[Exercise] Your answer must match, word for word, the lines from the one holding "Eishockey: EC Senden" through the final line below, with pictures excluded.

● ● ● ●

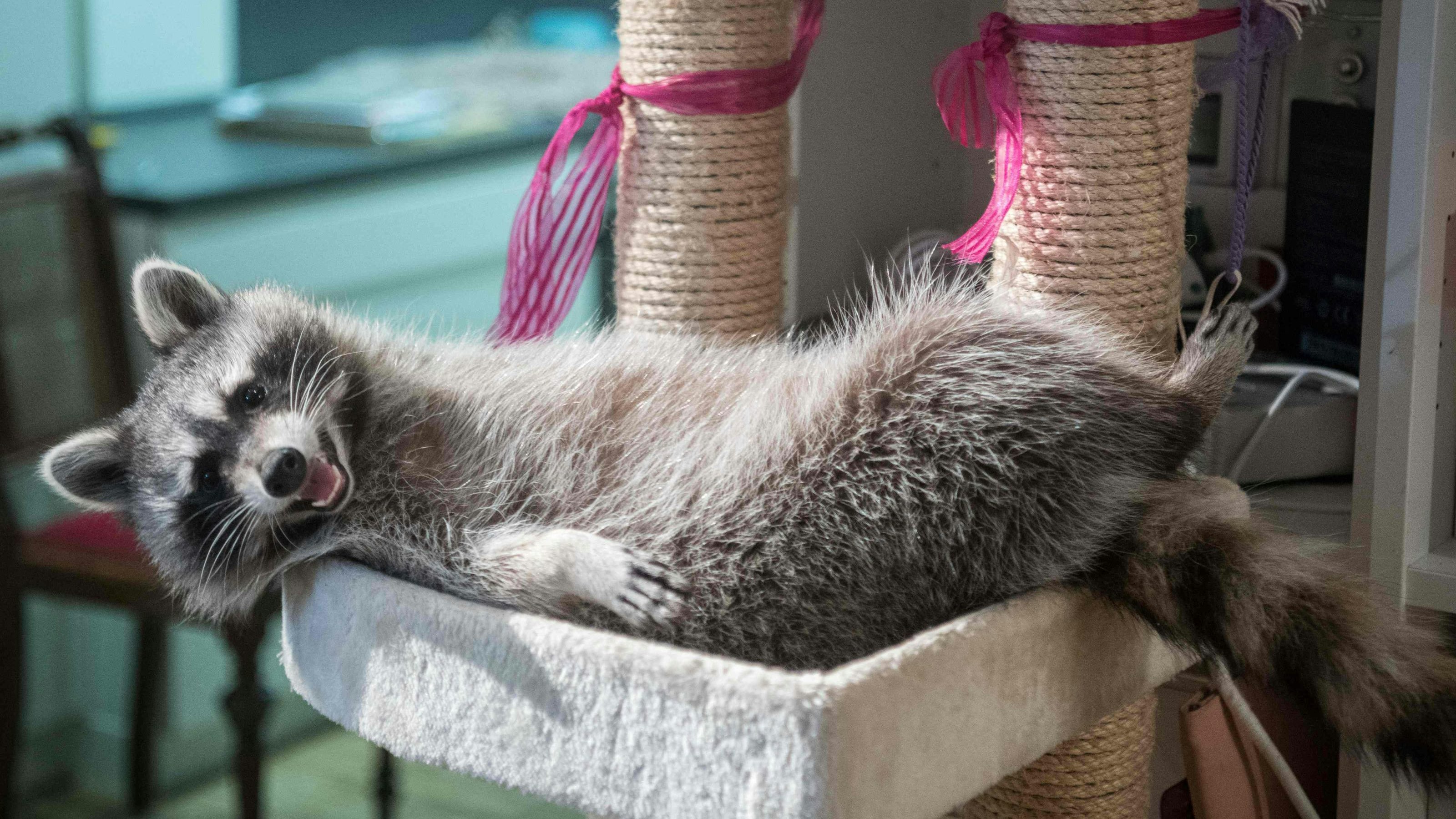 "Strike the Pose" - Waschbär "Fritzi" lebt wie eine Katze und ist eine echter Hit auf Instagram. 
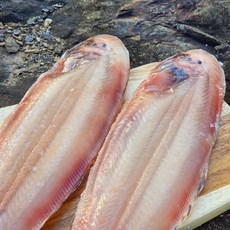 솔리 군산 반건조 박대 구이 조림, 5개, 특대34-38cm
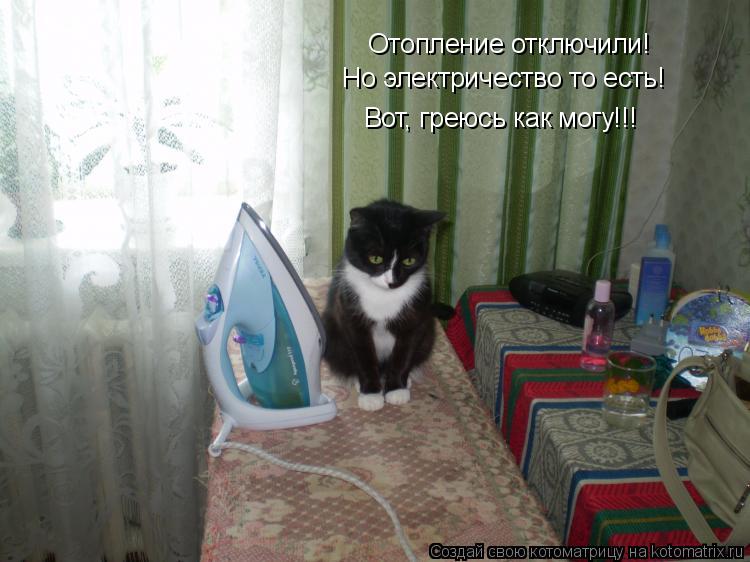 Котоматрица: Отопление отключили! Но электричество то есть! Вот, греюсь как могу!!!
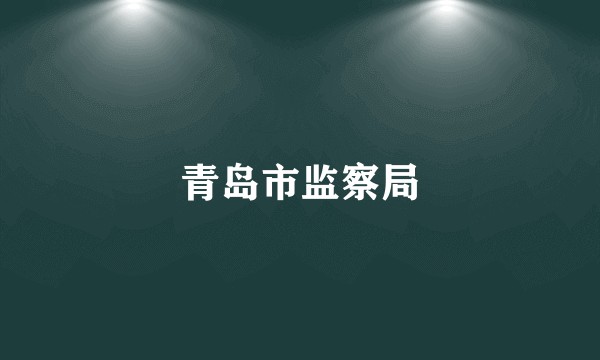 青岛市监察局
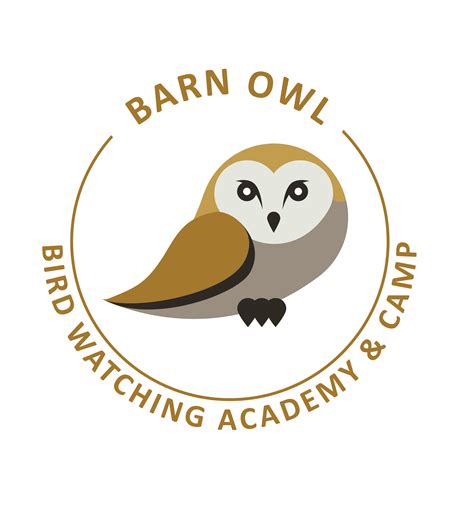 Barn Owl - Bird Watching Academy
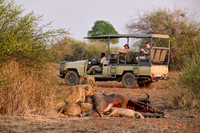 tourists in a safari car watching a pride of lioness (Panthera leo) at buffalo kill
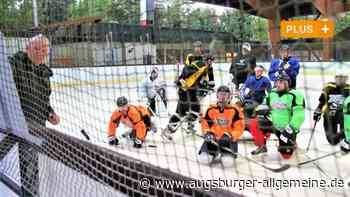 Eishockey: EC Senden wagt einen neuen Anlauf in der Bezirksliga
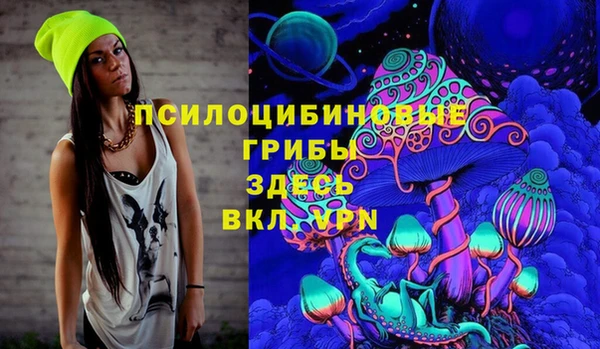 герыч Арсеньев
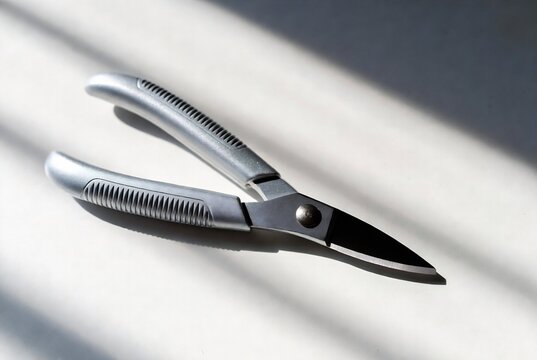 A pair of pruning shears rests on a white surface, illuminated by sunlight.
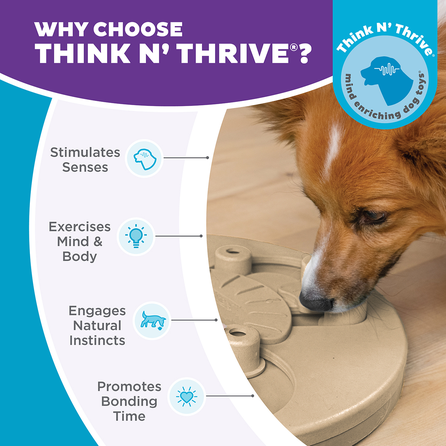 OUTWARD HOUND A-Maze Ball, žalias žaislas, 1 vnt.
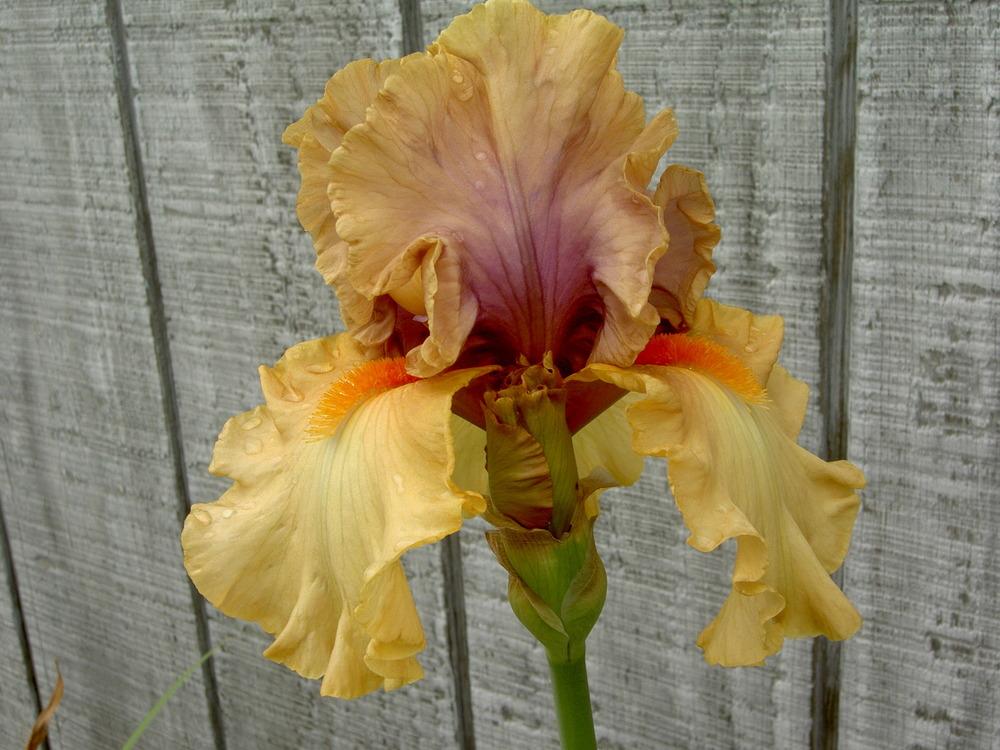 Photo of Tall Bearded Iris (Iris 'Broome Sunset') uploaded by Muddymitts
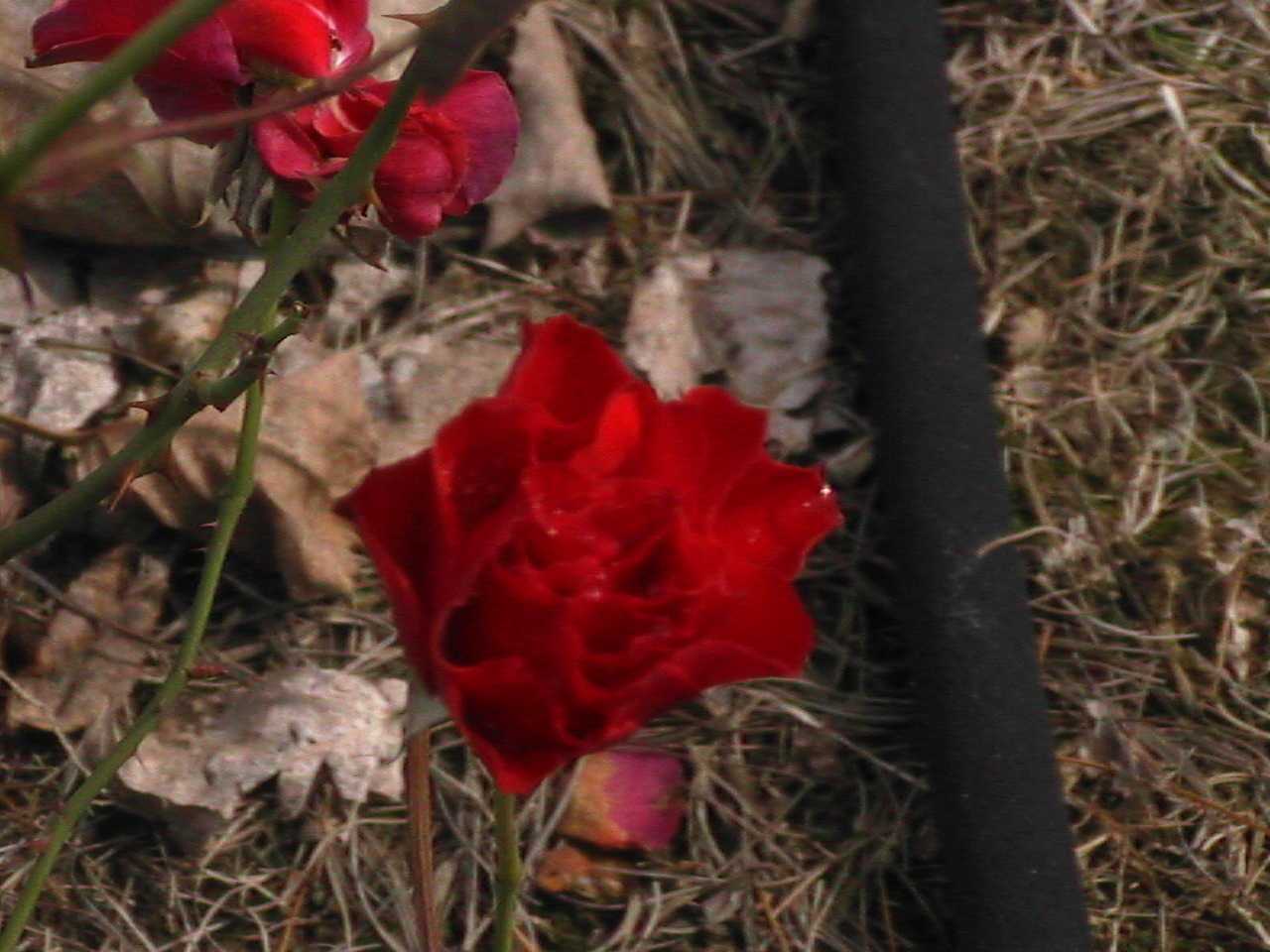Red.jpg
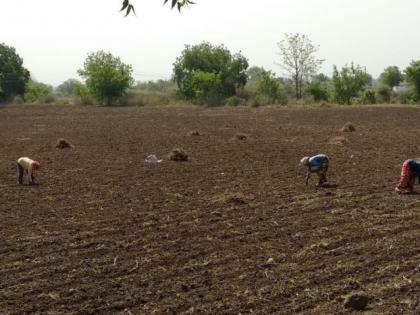 So far only 35% crop loan has been disbursed in Gondia district | गोंदिया जिल्ह्यात आतापर्यंत केवळ ३५ टक्के पीककर्जाचे वाटप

● ● ● ●

[Reply]
 Eishockey: EC Senden wagt einen neuen Anlauf in der Bezirksliga
 герыч Арсеньев
 A pair of pruning shears rests on a white surface, illuminated by sunlight.
 OUTWARD HOUND A-Maze Ball, žalias žaislas, 1 vnt.
 Photo of Tall Bearded Iris (Iris 'Broome Sunset') uploaded by Muddymitts
Red.jpg
 So far only 35% crop loan has been disbursed in Gondia district | गोंदिया जिल्ह्यात आतापर्यंत केवळ ३५ टक्के पीककर्जाचे वाटप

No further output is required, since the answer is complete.